* What the task asks: Please give back only the lines below from the one containing "1HGCR2F37HA164904 2017 HONDA ACCORD - Image 2" to the one containing "BELÉM - PARÁ", each repeated word for word, both ends included.

* Data under study:
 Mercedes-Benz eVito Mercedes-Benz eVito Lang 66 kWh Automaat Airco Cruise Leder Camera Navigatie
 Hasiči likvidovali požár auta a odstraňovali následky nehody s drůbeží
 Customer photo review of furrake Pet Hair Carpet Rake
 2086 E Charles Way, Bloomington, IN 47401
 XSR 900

--

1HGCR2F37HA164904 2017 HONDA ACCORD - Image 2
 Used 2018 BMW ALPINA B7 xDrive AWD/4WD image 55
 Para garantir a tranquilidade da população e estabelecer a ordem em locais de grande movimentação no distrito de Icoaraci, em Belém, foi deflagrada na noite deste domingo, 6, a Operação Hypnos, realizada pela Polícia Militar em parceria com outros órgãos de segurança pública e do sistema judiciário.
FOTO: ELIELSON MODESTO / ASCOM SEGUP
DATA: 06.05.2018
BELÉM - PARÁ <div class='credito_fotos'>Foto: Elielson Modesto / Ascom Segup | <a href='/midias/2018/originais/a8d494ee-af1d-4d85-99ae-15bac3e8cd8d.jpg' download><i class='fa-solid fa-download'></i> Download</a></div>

* Worked solution:
1HGCR2F37HA164904 2017 HONDA ACCORD - Image 2
 Used 2018 BMW ALPINA B7 xDrive AWD/4WD image 55
 Para garantir a tranquilidade da população e estabelecer a ordem em locais de grande movimentação no distrito de Icoaraci, em Belém, foi deflagrada na noite deste domingo, 6, a Operação Hypnos, realizada pela Polícia Militar em parceria com outros órgãos de segurança pública e do sistema judiciário.
FOTO: ELIELSON MODESTO / ASCOM SEGUP
DATA: 06.05.2018
BELÉM - PARÁ <div class='credito_fotos'>Foto: Elielson Modesto / Ascom Segup | <a href='/midias/2018/originais/a8d494ee-af1d-4d85-99ae-15bac3e8cd8d.jpg' download><i class='fa-solid fa-download'></i> Download</a></div>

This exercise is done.